The mission was funded by Isaacman in a private transaction with SpaceX. Isaacman has also invested $ 100 million towards a funding target for the St. Jude mission.
Inspiration4 Lift Off: SpaceX Launches World’s First All-Citizen Mission in Earth’s Orbit
Source link Inspiration4 Lift Off: SpaceX Launches World’s First All-Citizen Mission in Earth’s Orbit
Researchers have created a winged microchip around the size of a sand grain that may be the smallest flying device yet made, Vice has reported. They’re designed to be carried around by the wind and could be used in numerous applications including disease and air pollution tracking, according to a paper published by Nature. At the same time, they could be made from biodegradable materials to prevent environmental contamination.
The design of the flyers was inspired by spinning seeds from cottonwood and other trees. Those fall slowly by spinning like helicopters so they can be picked up by the wind and spread a long distance from the tree, increasing the range of the species.
The team from Northwest University ran with that idea but made it better, and smaller. “We think we’ve beaten biology… we’ve been able to build structures that fall in a more stable trajectory at slower terminal velocities than equivalent seeds,” said lead Professor John A. Rogers. “The other thing… was that we were able to make these helicopter flyer structures that are much smaller than seeds you would see in the natural world.”
They’re not so small that the aerodynamics starts to break down, though. “All of the advantages of the helicopter design begin to disappear below a certain length scale, so we pushed it all the way, as far as you can go or as physics would allow,” Rogers told Vice. “Below that size scale, everything looks and falls like a sphere.”

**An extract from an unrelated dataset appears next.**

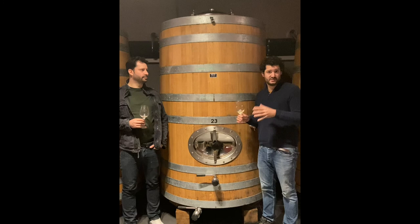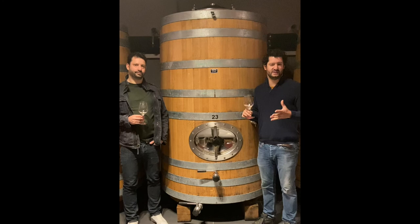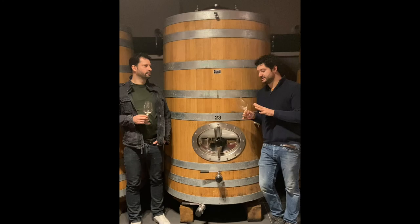The aging is done 80% in oak, in a big wooden vat, and 20% in stainless steel. The wine is very pure, elegant, fresh, and long — and you can taste it now in Australia. Santé!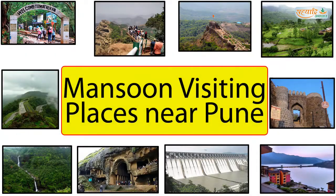Hello everyone. Today we will talk about the best visiting places during monsoon near Pune and Mumbai city.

The devices are also large enough to carry electronics, sensors and power sources. The team tested multiple versions that could carry payloads like antenna so that they could wireless communicate with a smartphone or each other. Other sensors could monitor things like air acidity, water quality and solar radiation.
The flyers are still concepts right now and not ready to deploy into the atmosphere, but the team plans to expand their findings with different designs. Key to that is the use of biodegradable materials so they wouldn’t persist in the environment.
“We don’t think about these devices… as a permanent monitoring componentry but rather temporary ones that are addressing a particular need that’s of finite time duration,” Rogers said. “That’s the way that we’re envisioning things currently: you monitor for a month and then the devices die out, dissolve, and disappear, and maybe you have to redeploy them.”